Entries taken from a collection
=== Begin Enclosure ===

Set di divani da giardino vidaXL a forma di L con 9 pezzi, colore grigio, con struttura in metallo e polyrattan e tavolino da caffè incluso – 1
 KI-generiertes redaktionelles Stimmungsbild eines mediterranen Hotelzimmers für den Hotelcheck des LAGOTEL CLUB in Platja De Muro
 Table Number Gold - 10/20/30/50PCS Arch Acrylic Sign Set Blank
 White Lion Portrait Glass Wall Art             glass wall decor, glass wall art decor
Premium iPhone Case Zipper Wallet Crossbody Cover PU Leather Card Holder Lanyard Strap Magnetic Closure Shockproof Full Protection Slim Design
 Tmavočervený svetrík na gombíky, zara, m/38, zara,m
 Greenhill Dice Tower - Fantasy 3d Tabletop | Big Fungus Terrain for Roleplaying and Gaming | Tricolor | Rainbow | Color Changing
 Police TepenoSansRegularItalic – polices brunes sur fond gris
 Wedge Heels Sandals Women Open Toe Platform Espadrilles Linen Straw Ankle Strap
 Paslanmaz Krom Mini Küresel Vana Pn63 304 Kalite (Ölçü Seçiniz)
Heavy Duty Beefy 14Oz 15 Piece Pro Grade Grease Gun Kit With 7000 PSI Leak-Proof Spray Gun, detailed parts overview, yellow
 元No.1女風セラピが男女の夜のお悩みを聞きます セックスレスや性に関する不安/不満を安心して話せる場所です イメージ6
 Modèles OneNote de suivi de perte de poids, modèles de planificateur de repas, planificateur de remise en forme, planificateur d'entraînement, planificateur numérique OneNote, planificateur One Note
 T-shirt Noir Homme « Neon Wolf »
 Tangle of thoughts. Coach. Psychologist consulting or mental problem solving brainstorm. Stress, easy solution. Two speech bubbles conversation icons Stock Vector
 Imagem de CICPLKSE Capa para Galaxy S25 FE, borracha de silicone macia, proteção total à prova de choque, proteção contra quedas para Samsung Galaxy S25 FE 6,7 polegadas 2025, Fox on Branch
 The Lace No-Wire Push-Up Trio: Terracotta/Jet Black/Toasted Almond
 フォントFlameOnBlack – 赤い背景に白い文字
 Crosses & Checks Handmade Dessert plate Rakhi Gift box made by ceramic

=== End Enclosure ===

Problem details >> Start with the line above that contains "Imagem de CICPLKSE" and stop after the line that contains "フォントFlameOnBlack – 赤い背景に白い文字". Output those lines exactly, and only those.

Reply >>
 Imagem de CICPLKSE Capa para Galaxy S25 FE, borracha de silicone macia, proteção total à prova de choque, proteção contra quedas para Samsung Galaxy S25 FE 6,7 polegadas 2025, Fox on Branch
 The Lace No-Wire Push-Up Trio: Terracotta/Jet Black/Toasted Almond
 フォントFlameOnBlack – 赤い背景に白い文字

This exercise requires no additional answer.